The problem is that the type variable in `Expr` differs, so you can't store them in a homogenous container that only accepts a single type (because `Expr` contains [polymorphic recursion](https://en.wikipedia.org/wiki/Polymorphic_recursion)). You will have to use a more sophisticated container. (But really though, your `Expr` type is already a graph-like data structure, why make another?) — Rufflewind, Dec 29 '14 at 16:34
@Rufflewind "why make it another?" I hope to leverage the topological sorting implemented in `Data.Graph`. But to do that I need to transform `Expr a` into `Graph something (Expr a)` or something similar. Otoh I ran into a similar problem when trying to use `uniplate` on `Exprs`. — fho, Dec 29 '14 at 16:38
You might be able to get away with using `Dynamic` to hide the type variable temporarily and then unwrap it later. Kind of a hack, but I think it'd be either that or implement your own topsort on top of `Expr` directly. — Rufflewind, Dec 29 '14 at 16:39
Don't think so, `toDyn` also requires the `b` in `FMapE` to be `Typeable` and I don't think I can set that. Maybe I really need to extend the `Expr a` type to `Expr a b`? — fho, Dec 29 '14 at 16:46
You should look into papers on `Nikola`. They do this sort of thing very nicely. — J. Abrahamson, Dec 29 '14 at 18:41
Topologically sorting `Expr` is trivial. Topologically sorting any tree and thus any AST is trivial - a postorder traversal is a topological sort of a tree. Perhaps you don't want your "language" to build trees, and instead want to build graphs. If so, you can equip your language to do so explicitly with a `Monadic` interface for building the graph or the [`Divisible` interface described in this answer](http://stackoverflow.com/a/25877310/414413) and CPS style or the continuation monad. Or you can recover a graph with [reifyGraph IO magic](http://stackoverflow.com/a/25729877/414413). — Cirdec, Dec 29 '14 at 20:45

score 1 · Answer 1 · edited May 23 '17 at 10:33

You can get a postorder traversal, which is a tolopogical sort for a tree, of a type of kind * -> * from the Uniplate1 class I've described previously.
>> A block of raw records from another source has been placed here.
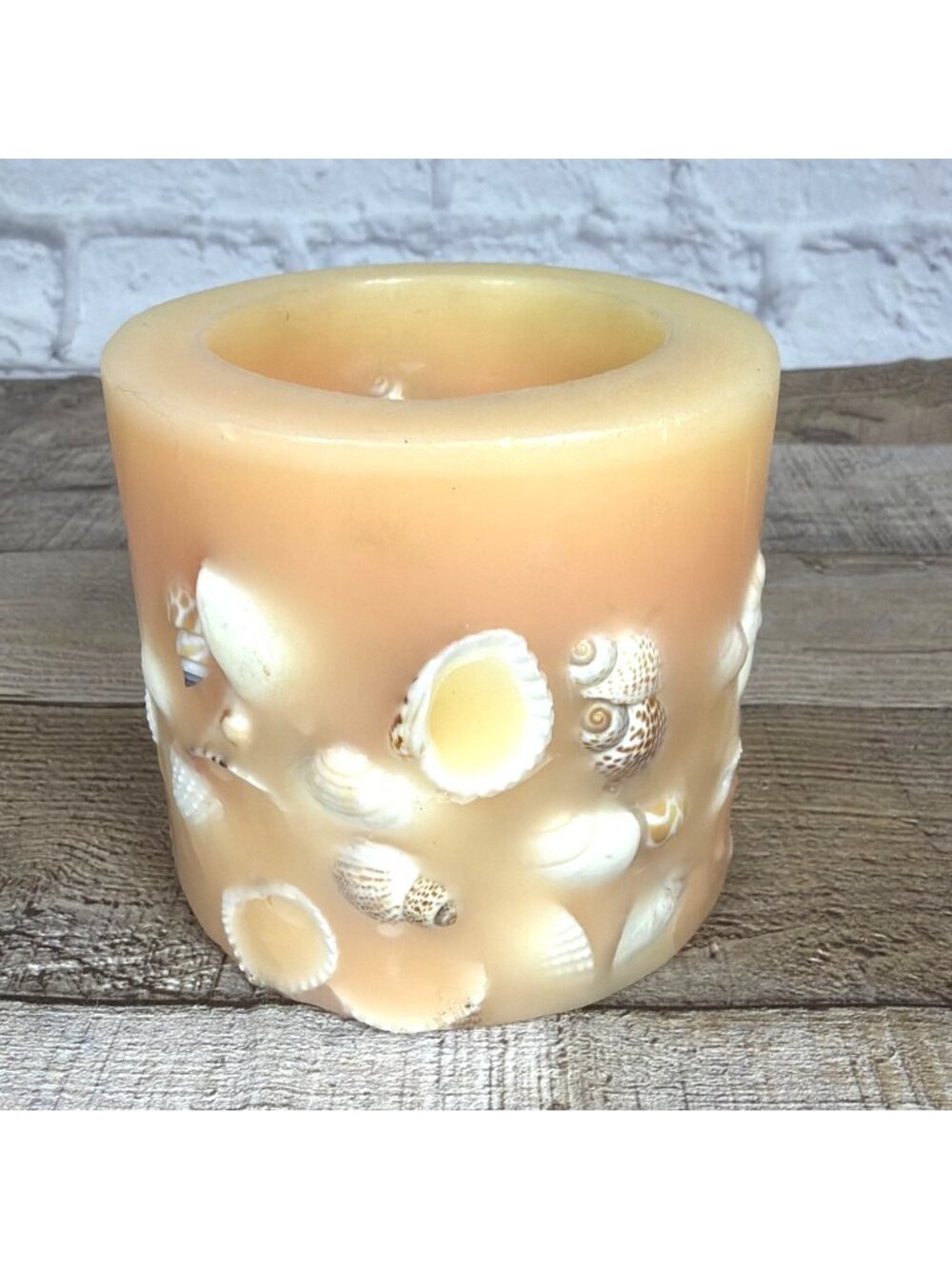 VTG Sea Shell Peach White Lantern Pillar Candle Florida Beach Nautical Coastal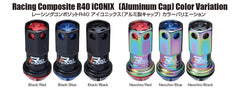Project Kics 12X1.25 Neo Chrome R40 Iconix Lock & Lug Nuts - 16+4 (Black Cap) - part WRIA13NK - TLNS Motorsports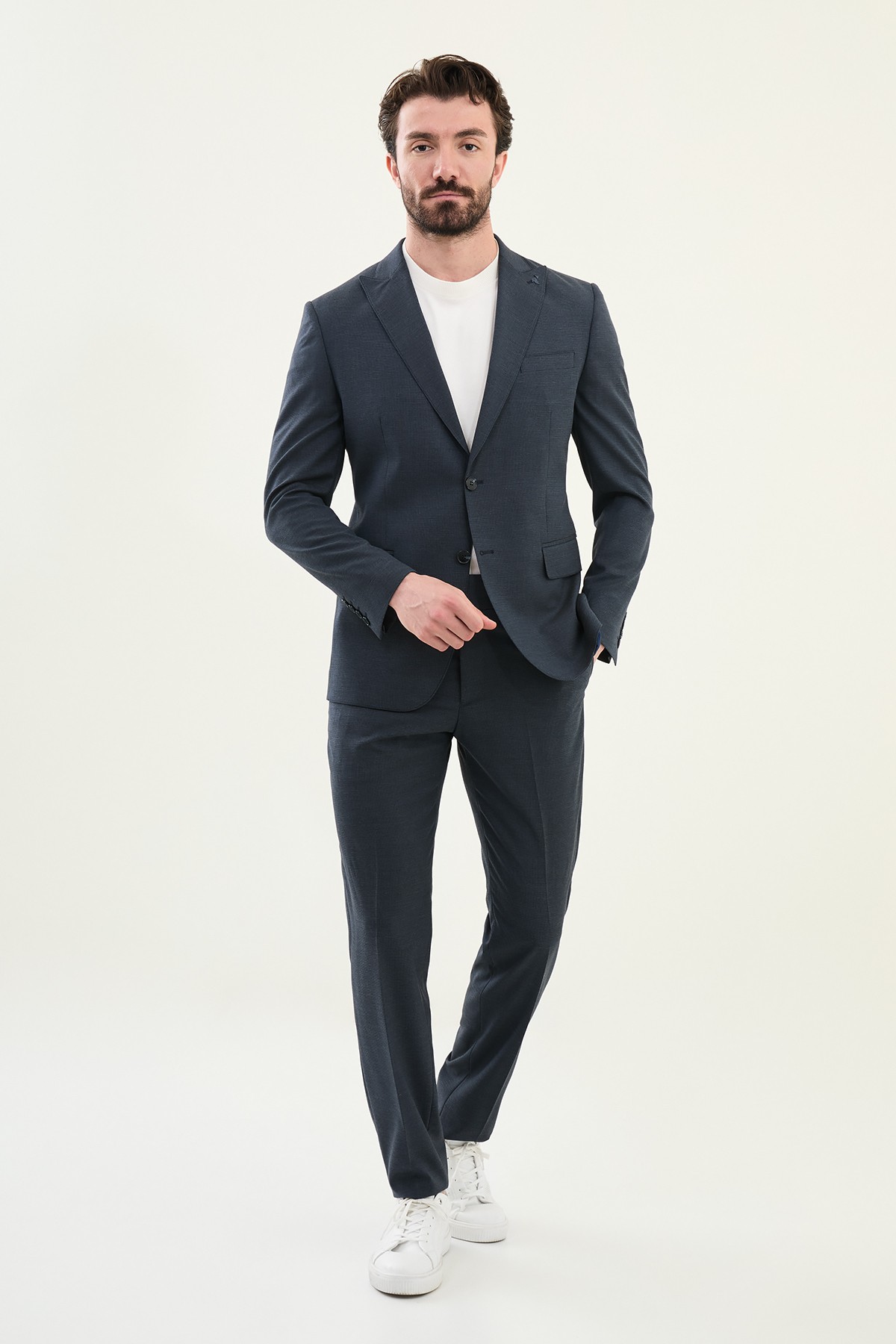 Desenli Slim Fit Geniş Yaka Erkek Takım Elbise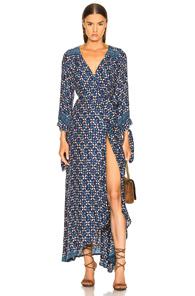 Natalie Martin Danika Long Sleeve Dress In Abstract,blue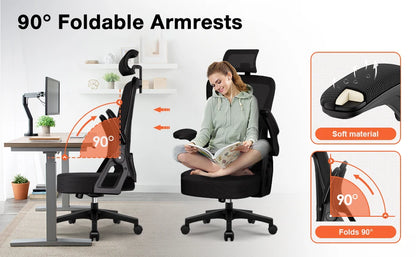 Office Chair Ergonomic Reclining 90°-135°, Desk Chair with Lumbar Support, Computer Chair Adjustable Headrest, Living Room Chairs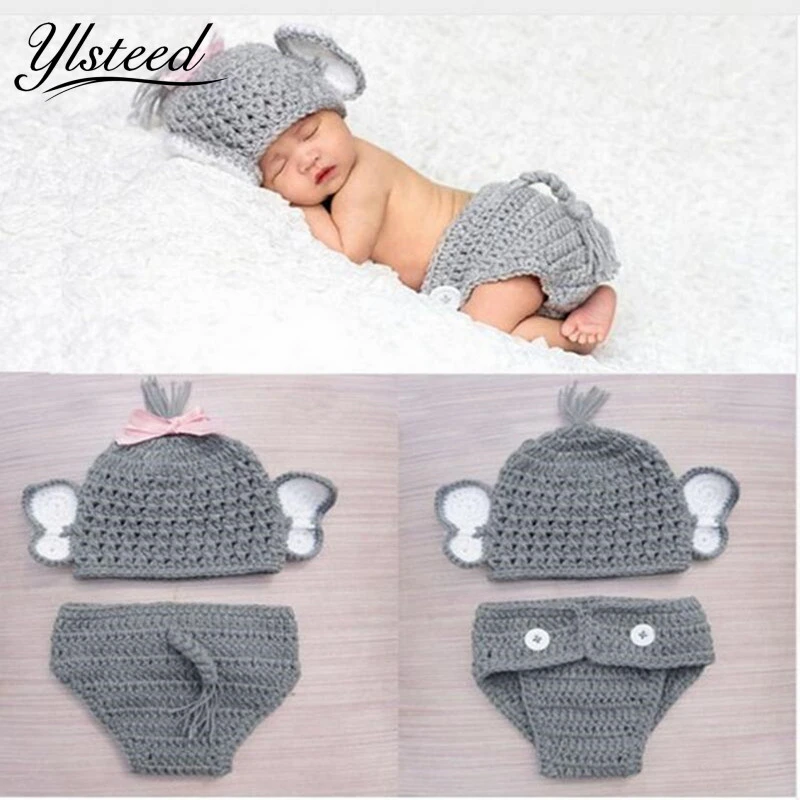 Costume D Elephant En Crochet Pour Bebe Ensemble De Chapeau Et De Pantalon Tricote Pour Nouveau Ne Accessoires De Photographie D Animaux Pour Nourrissons Aliexpress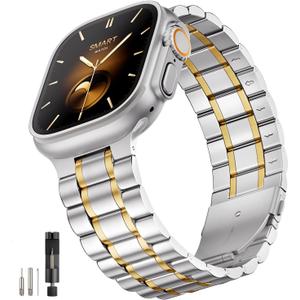 Bestig Compatible with Apple Watch Bands for Men Women 49mm 46mm 45mm 44mm 42mm(Series 3 2 1), Stainless Steel Metal Business Wristband Strap for iWatch Ultra Series 11 10 9 8 7 6 SE 5 4, Silver/Gold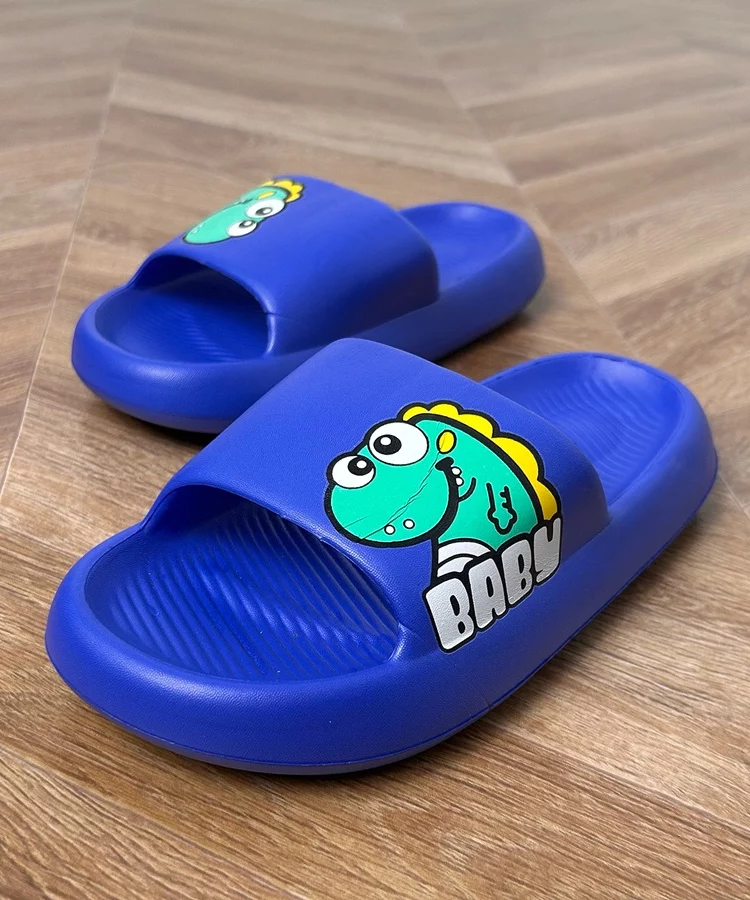 Niebieskie klapki dziecięce z nadrukiem Milos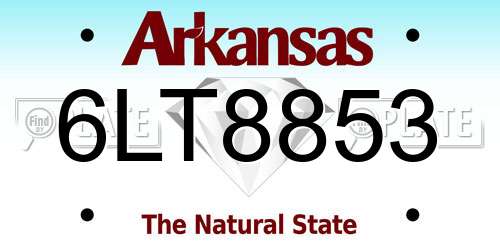 6LT8853 Arkansas License Plate
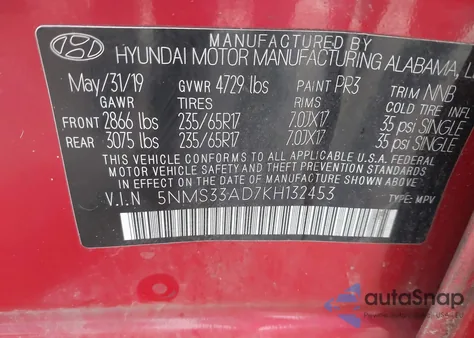 2019 Hyundai Santa Fe Sel из США, поврежденный, VIN 5NMS33AD7KH132453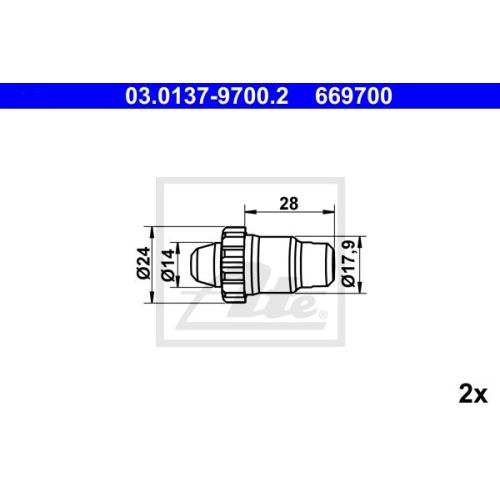 ATE 03.0137-9700.2 Rep. Satz Nachstellung f&uuml;r Div. AUDI / BMW / CITROEN / PEUGEOT / VW
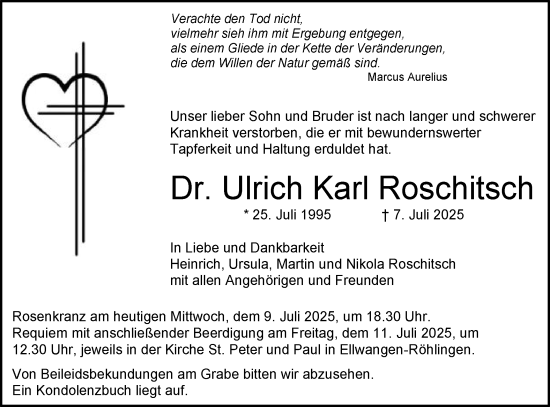 Traueranzeige von Ulrich Karl Roschitsch von Schwäbische Post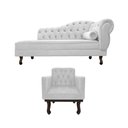 Ver imagem 3 de Kit Diva Recamier Juliana 160cm Lado Esquerdo e 01 Poltrona Classic Suede Branco - Amarena Móveis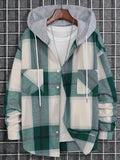 kkboxly  Men's Casual Plaid Hooded Jacket, Long Sleeve Button Down Comfy Shirt For Men's Autumn & Winter Outdoor Activities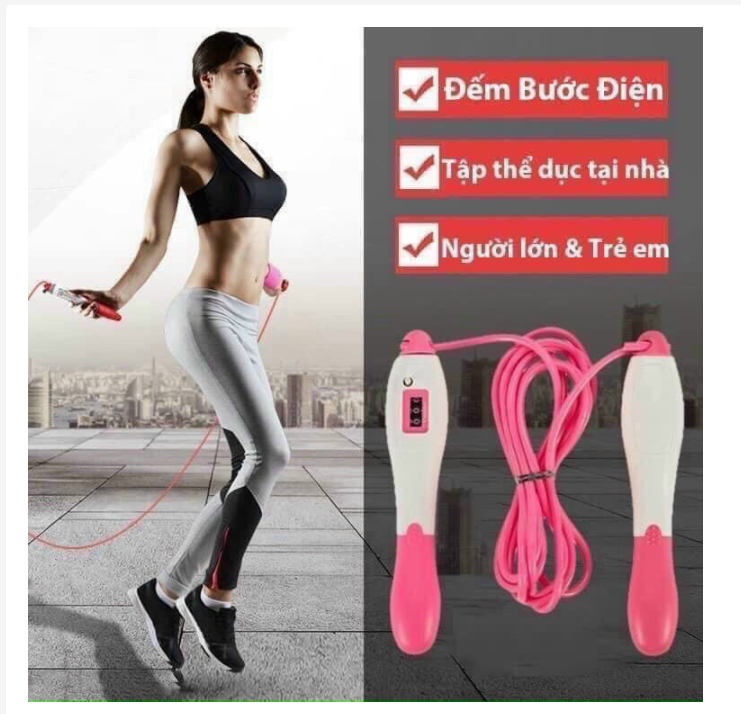 Dây nhảy thể dục bền nhẹ cao cấp - dây nhảy đếm số tự động, tập gym, tập cơ bụng cho vóc dáng đẹp,cơ thể khỏe mạnh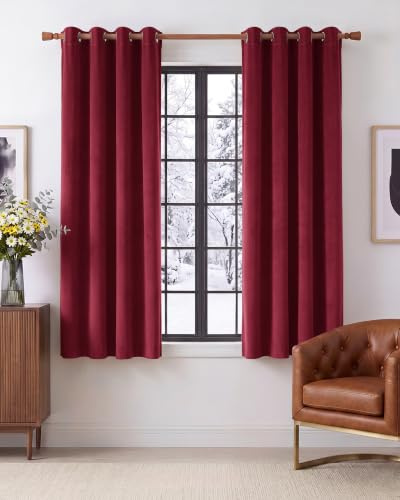PONY DANCE Eyelet Blackout Velvet Curtains, 46x54 Inch, Red, 2 Panels | Thermal Insulated Curtains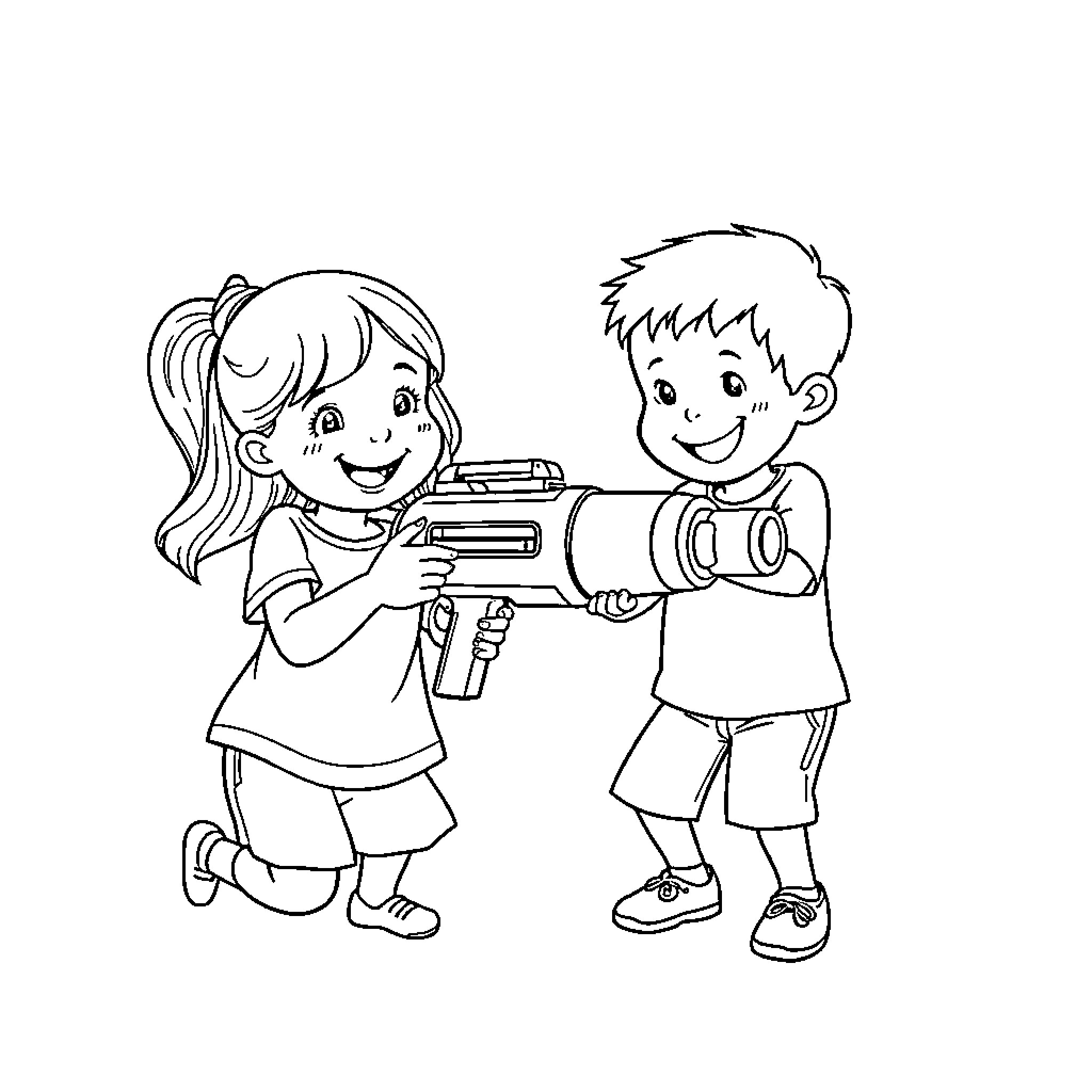 Girl and Boy Playing with Water Guns Coloring Page (free black-and-white line drawing printable PDF for all, from beginners to advanced learners, including children, teens, adults, and seniors)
{-# LANGUAGE RankNTypes #-}

import Control.Applicative
import Control.Monad.Identity

class Uniplate1 f where
    uniplate1 :: Applicative m => f a -> (forall b. f b -> m (f b)) -> m (f a)

    descend1 :: (forall b. f b -> f b) -> f a -> f a
    descend1 f x = runIdentity $ descendM1 (pure . f) x

    descendM1 :: Applicative m => (forall b. f b -> m (f b)) -> f a -> m (f a)
    descendM1 f a = uniplate1 a f

transform1 :: Uniplate1 f => (forall b. f b -> f b) -> f a -> f a
transform1 f = f . descend1 (transform1 f)

transform1 is a generic postorder tranformation. A generic postorder Monadic traversal of a Uniplate1 is

transformM1 :: (Uniplate1 f, Applicative m, Monad m) =>
               (forall b. f b -> m (f b)) ->
                          f a -> m (f a)
transformM1 f = (>>= f) . descendM1 (transformM1 f)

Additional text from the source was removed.